April 4, 2017

Quick Reviews! Never Fade, Three Dark Crowns, American Gods, and Caraval

Hello everyone! I'm so sorry that I've been MIA lately. I started Softball in March and it's been kind of hectic trying to deal with that and these scholarships but we can talk about that later in my quarterly wrap up post. Right now I want to talk about the books I read during this time because, yes, I still read books. What did you think of these books? I'm curious to know. Anyway, let's get to these quick reviews.
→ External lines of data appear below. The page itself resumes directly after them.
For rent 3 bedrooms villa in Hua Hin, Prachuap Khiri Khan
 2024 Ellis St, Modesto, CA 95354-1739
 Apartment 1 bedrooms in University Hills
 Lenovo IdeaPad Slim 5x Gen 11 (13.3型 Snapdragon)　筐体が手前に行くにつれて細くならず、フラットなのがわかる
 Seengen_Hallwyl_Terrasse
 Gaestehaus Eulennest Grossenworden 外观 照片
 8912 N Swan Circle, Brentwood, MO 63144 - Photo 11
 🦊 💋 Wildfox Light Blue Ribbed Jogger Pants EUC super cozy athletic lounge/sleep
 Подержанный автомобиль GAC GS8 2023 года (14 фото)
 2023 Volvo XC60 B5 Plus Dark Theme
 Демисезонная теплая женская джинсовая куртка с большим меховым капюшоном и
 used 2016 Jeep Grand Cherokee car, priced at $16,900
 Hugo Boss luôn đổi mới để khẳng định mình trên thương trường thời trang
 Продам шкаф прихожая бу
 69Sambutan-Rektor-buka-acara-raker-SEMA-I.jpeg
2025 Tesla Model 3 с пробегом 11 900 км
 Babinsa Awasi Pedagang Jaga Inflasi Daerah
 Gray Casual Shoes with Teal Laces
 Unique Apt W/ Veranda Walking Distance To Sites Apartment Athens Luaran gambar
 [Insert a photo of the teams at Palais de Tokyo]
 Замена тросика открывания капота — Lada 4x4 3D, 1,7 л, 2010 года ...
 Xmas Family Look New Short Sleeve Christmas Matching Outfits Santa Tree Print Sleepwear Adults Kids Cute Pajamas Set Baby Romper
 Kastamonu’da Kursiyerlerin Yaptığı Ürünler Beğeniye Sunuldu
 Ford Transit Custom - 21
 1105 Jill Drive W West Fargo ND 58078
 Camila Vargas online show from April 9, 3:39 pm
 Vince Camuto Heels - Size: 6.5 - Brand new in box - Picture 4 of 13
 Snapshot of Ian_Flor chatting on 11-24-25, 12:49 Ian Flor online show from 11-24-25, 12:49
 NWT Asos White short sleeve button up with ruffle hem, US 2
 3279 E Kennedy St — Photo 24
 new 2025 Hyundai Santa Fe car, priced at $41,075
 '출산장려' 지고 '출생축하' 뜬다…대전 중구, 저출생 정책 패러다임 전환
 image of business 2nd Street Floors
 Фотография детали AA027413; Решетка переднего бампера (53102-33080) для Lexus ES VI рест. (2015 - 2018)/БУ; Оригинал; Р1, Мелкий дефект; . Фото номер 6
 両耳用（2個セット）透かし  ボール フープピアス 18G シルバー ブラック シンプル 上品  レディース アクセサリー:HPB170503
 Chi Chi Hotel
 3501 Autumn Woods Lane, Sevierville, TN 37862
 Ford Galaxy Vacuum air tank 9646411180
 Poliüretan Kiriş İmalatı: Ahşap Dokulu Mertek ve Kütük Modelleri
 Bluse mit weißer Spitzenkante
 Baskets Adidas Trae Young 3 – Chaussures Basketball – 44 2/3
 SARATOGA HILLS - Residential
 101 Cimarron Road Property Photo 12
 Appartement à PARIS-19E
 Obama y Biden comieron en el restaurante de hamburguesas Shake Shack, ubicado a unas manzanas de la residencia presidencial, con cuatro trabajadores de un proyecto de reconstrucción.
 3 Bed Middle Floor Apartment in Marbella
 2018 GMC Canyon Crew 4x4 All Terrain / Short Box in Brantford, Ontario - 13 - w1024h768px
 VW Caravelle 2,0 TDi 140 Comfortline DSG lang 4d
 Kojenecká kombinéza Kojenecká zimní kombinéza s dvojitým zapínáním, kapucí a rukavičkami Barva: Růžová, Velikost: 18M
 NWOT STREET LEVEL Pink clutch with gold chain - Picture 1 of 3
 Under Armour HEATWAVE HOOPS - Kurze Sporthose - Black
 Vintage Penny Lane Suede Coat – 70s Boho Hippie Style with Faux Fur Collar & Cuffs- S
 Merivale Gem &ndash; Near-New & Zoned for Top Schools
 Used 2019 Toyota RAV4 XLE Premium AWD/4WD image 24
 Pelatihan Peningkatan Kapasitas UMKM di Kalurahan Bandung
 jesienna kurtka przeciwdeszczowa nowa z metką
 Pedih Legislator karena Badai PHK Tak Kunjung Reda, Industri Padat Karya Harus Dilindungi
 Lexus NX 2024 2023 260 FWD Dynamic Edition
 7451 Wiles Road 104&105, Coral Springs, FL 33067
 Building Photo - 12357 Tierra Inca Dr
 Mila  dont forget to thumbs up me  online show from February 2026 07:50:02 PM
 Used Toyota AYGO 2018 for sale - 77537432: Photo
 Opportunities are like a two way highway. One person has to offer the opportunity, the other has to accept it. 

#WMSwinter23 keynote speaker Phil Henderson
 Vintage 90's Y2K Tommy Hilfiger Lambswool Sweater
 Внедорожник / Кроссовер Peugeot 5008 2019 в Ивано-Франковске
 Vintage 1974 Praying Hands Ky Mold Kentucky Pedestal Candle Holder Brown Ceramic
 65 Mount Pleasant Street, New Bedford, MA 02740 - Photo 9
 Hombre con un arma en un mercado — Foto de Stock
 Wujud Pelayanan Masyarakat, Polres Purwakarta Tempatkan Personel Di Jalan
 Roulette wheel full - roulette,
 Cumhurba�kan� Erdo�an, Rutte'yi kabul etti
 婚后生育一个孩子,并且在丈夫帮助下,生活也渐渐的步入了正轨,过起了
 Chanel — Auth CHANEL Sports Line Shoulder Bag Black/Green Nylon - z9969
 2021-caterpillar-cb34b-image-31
Never Fade by Alexandra B: I absolutely loved the book of this series. The Darkest Minds was actually one of the books that I finished pretty quickly. But this book took me so long to finish and I know it's because of how slow the plot was. The first book was pretty slow, too, and a lot of people had problems with it because of that. However, I fell in love with the characters and following them around helped move the story along for me. It was the same for this book. They have to be the best part of the entire book. They are all different in so many ways but their banter and the way that they have each others backs is so realistic. They sounded like teenagers to me and they interacted with each other in so many ways that felt like it would be done by a young adult. Their connection is was made this book sparkle for me. The diversity in this book passed my requirement of at least two diverse side characters. In this book, they are now three (although Zu wasn't in this book). Chubs is an African American and another character (I really forgot her name even though she was definitely the best) that could honestly be any person of color with brown skin. There isn't LGBTQ+ representation in here (at least I don't think there is) and I didn't see any characters with a disability. However, I'm still going to give this book a .5 of a star, not because of the lack of representation with the last two things I mentioned. It's only because I feel as though there should have been a little depth to those characters. Don't get me wrong, I loved them but honestly, they could have been any race. Overall I rated this book three stars.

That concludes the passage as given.